My cold weather experiments in trailer heat confirmed what I had already suspected from a few late fall camping trips:

There isn't enough heat in the bedroom.

In 15 degree outside temps, running the furnace (only, not any of my electric heat), I recorded these temperatures:

Gaucho 69
Dinette 66
Head 61
Bed 58

Some experimentation showed that it took around 1000 watts (3400 btu/h) of supplemental heat in the bedroom to make things even out. Doing this provided fairly consistent temperatures throughout the trailer.

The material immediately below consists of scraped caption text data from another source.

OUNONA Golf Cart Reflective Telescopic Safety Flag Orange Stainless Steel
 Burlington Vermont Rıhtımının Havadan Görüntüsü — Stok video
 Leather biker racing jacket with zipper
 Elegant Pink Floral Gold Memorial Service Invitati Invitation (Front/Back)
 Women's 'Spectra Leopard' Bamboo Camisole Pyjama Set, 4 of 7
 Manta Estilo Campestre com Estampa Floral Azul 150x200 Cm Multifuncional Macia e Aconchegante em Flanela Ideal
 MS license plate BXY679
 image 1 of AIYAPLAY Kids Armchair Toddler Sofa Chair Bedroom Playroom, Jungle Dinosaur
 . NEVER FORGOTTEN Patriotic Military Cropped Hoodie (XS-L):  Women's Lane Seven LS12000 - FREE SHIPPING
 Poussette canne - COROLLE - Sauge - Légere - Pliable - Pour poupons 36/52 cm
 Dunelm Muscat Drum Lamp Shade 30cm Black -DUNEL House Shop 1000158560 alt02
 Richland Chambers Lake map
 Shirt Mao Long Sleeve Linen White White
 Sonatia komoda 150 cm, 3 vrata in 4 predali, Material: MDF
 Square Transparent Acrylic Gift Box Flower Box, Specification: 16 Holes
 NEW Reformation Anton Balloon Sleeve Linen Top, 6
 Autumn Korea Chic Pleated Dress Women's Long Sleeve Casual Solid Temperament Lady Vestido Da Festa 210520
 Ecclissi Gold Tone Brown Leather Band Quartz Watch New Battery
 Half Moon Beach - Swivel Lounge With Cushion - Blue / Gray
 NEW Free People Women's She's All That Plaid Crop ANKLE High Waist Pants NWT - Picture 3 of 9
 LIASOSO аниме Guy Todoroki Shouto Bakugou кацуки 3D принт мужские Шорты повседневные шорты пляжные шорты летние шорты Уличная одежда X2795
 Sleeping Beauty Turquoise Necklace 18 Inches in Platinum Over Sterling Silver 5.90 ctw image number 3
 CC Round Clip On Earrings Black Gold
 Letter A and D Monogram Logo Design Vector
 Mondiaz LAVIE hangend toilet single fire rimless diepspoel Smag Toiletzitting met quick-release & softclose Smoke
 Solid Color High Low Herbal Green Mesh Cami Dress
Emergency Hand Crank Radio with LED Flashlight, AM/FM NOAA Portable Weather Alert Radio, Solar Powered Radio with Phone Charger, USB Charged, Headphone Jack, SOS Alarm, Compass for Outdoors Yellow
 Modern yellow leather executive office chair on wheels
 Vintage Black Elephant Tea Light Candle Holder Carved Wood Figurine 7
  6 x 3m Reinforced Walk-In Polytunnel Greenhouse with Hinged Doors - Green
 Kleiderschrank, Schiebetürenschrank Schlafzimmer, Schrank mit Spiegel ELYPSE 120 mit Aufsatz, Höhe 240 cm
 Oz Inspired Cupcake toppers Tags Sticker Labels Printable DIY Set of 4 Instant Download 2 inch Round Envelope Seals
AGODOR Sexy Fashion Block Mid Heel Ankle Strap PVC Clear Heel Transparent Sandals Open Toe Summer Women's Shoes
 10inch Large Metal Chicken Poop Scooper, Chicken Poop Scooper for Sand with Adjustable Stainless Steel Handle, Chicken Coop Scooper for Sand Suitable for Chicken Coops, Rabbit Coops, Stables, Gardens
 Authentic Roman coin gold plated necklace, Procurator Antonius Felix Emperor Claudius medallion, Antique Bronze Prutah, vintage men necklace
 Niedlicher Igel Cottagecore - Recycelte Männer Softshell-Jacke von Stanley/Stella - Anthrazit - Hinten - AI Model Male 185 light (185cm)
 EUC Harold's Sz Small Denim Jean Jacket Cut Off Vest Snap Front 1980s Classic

The 2010 classic 30' has four furnace outlets. Two are near the exterior door, at the end of the galley cabinetry. One is in the head, and one is in the bedroom. I checked temperatures with an IR thermometer which told the story pretty clearly:

Galley outlets - 160 degrees
Head - 134 degrees
Bedroom - 104 degrees

There is also less airflow in the more distant outlets, in part because some of it is redirected through a T fitting in the ductwork to the holding tanks.

Wondering if anyone has figured out a way to run more ducts, or get more airflow, or do something to get more heat to the bedroom without having to rely on shore power.

One thing to consider is that the Duotherm controls won't let you run the rear heat pump and the furnace at the same time. Doing so would be one way to solve this.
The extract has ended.